- _Supplied information_
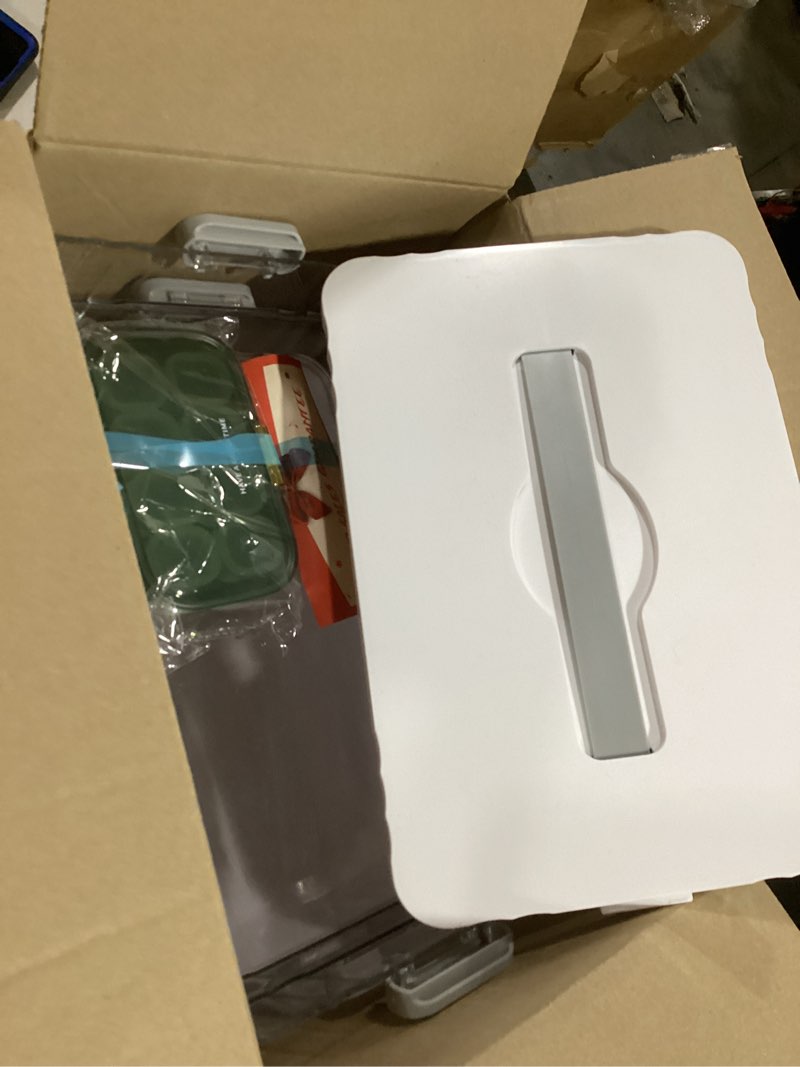 Condition photo showing Good Condition for 3-Tier Medicine Organizer - Portable Medicine Cabinet with Plastic Handle, Multipurpose Medical Box with Pill Box, Empty First Aid Kit for Home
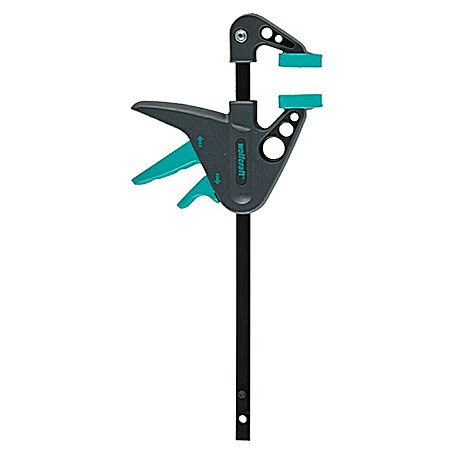 Wolfcraft Tornillo de apriete monomanual EHZ (Anchura de sujeción: 110 mm, Fuerza de tensión: 295 N, Apertura máxima: 38 mm)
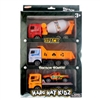 CONSTRUCTION TRUCK 3 PCS 7.25" W/ 4" PICK-UP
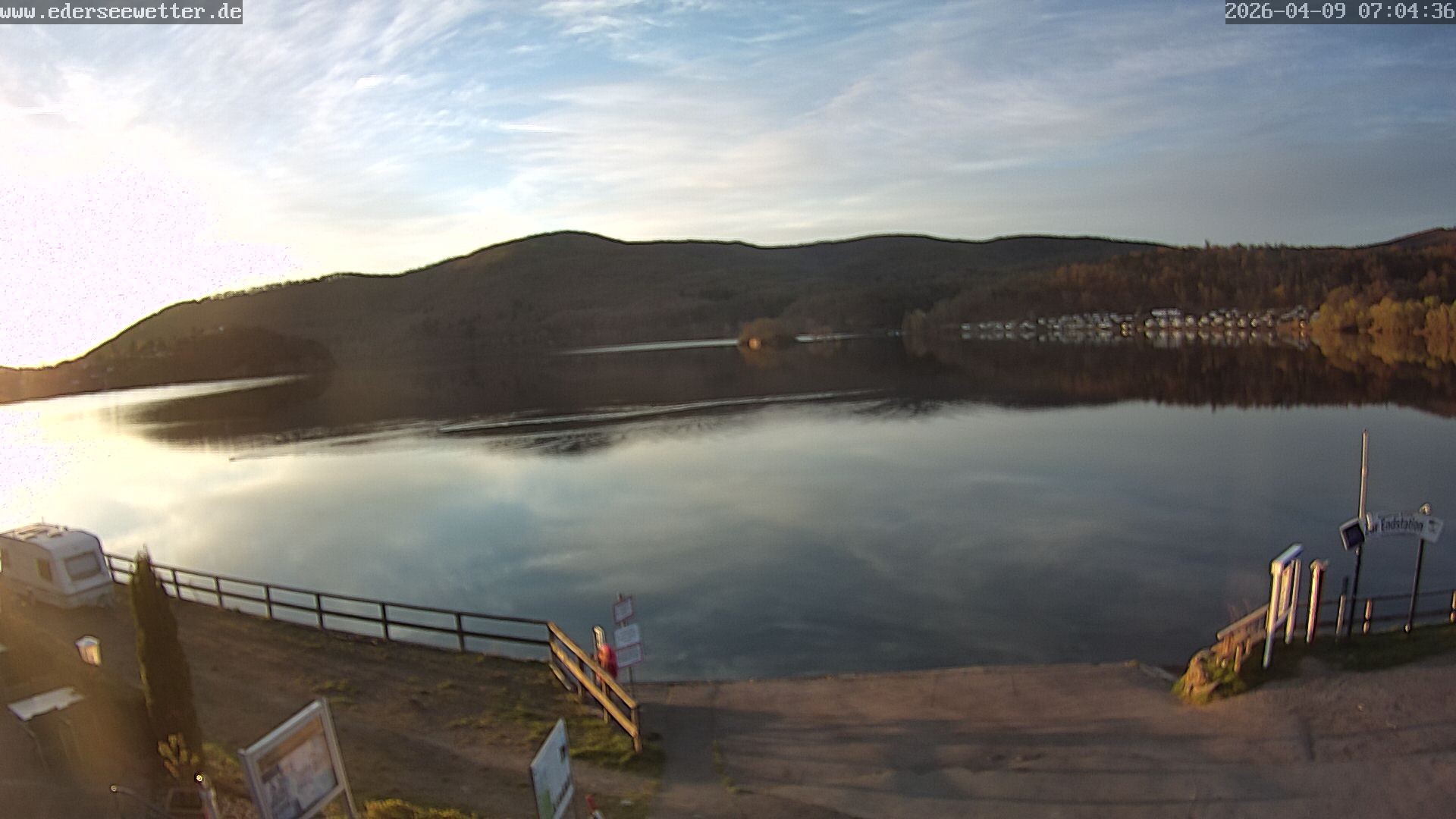 Archiv Foto Webcam Edersee: Blick von Bringhausen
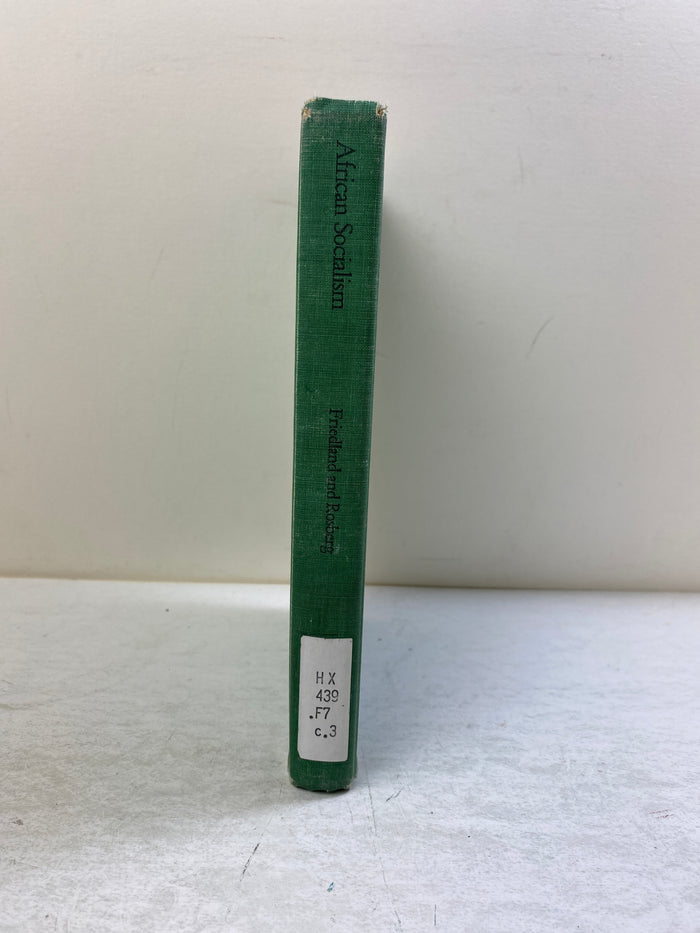 African Socialism by Friedland/Rosberg 1964 HC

- _What the task asks_
Line by line, return the listing above exactly, leaving out its pictures.

- _Expected answer_
 Condition photo showing Good Condition for 3-Tier Medicine Organizer - Portable Medicine Cabinet with Plastic Handle, Multipurpose Medical Box with Pill Box, Empty First Aid Kit for Home
 Wolfcraft Tornillo de apriete monomanual EHZ (Anchura de sujeción: 110 mm, Fuerza de tensión: 295 N, Apertura máxima: 38 mm)
 CONSTRUCTION TRUCK 3 PCS 7.25" W/ 4" PICK-UP
 Archiv Foto Webcam Edersee: Blick von Bringhausen
 African Socialism by Friedland/Rosberg 1964 HC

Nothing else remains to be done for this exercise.